Exercise objective: Apart from the pictures, print the data below exactly as given.

Top of Given information

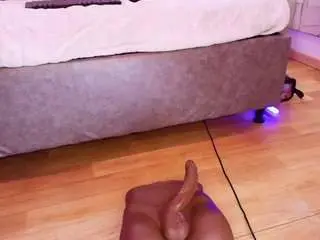 Camsoda Watch Live Sex Cams of esmeralda-bigbotty
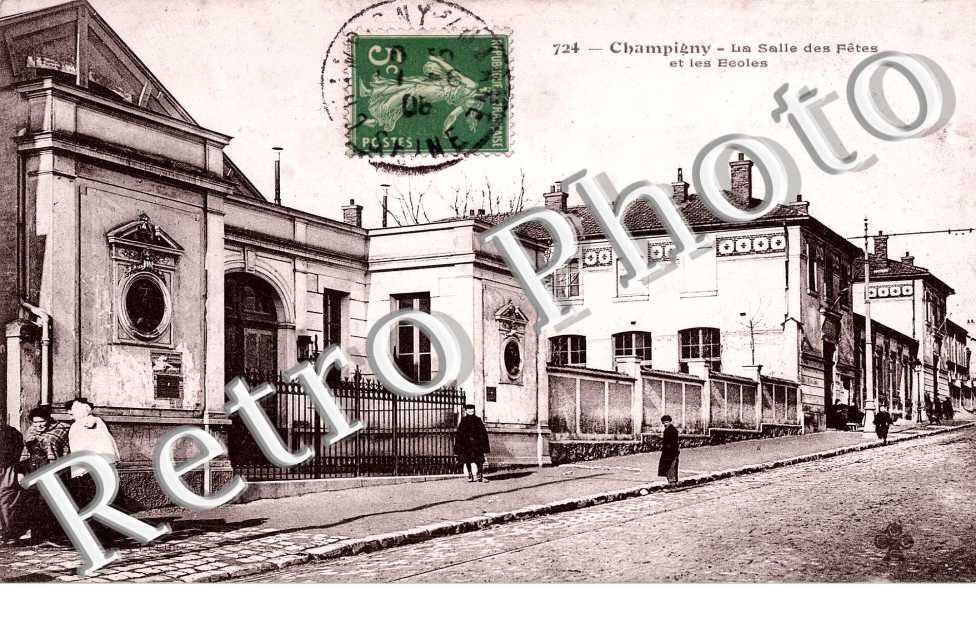 la Salle des Fetes et les ecoles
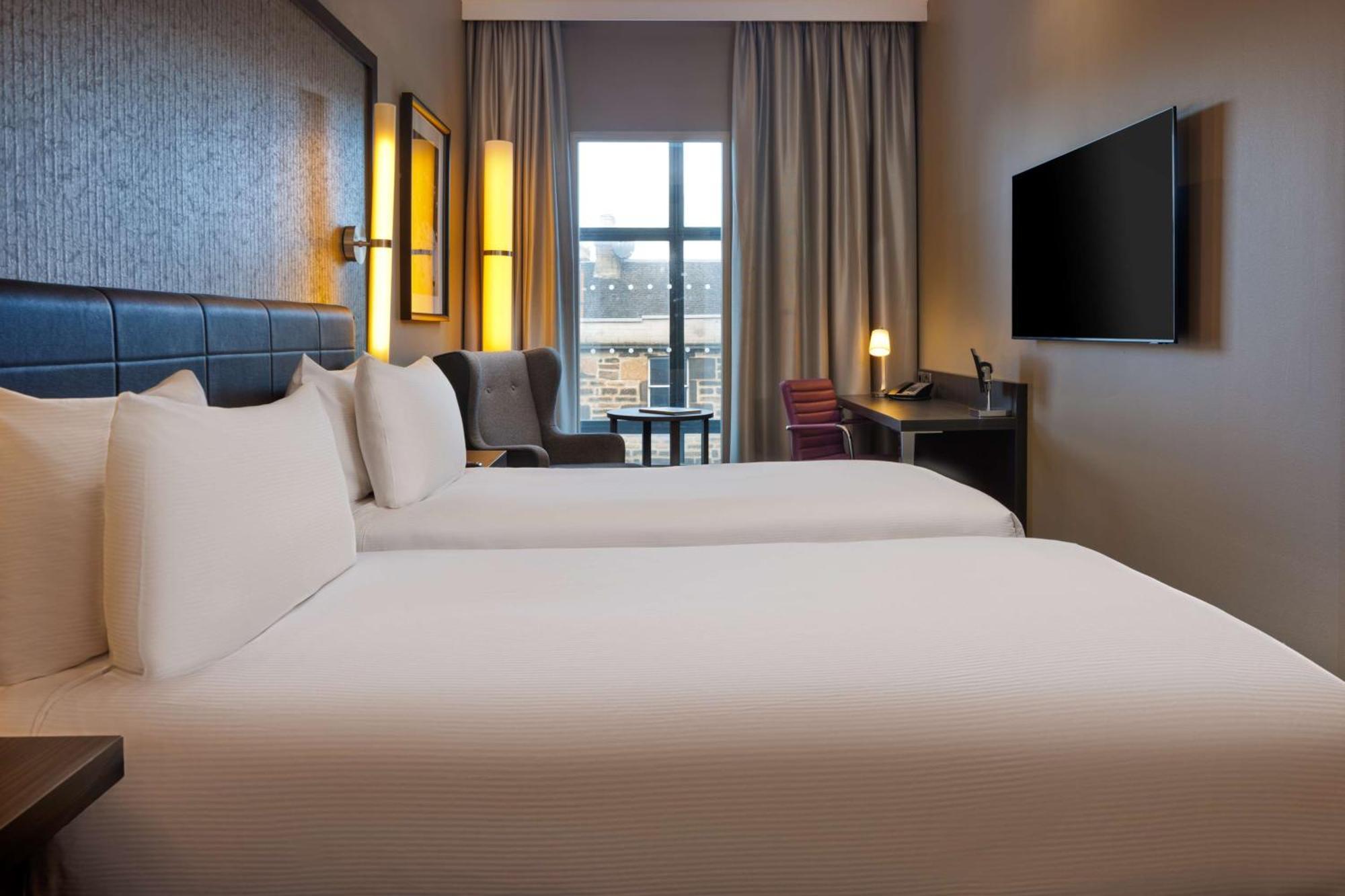 Doubletree By Hilton Edinburgh City Centre Екстериор снимка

Bottom of Given information

Task answer:
 Camsoda Watch Live Sex Cams of esmeralda-bigbotty
 la Salle des Fetes et les ecoles
 Doubletree By Hilton Edinburgh City Centre Екстериор снимка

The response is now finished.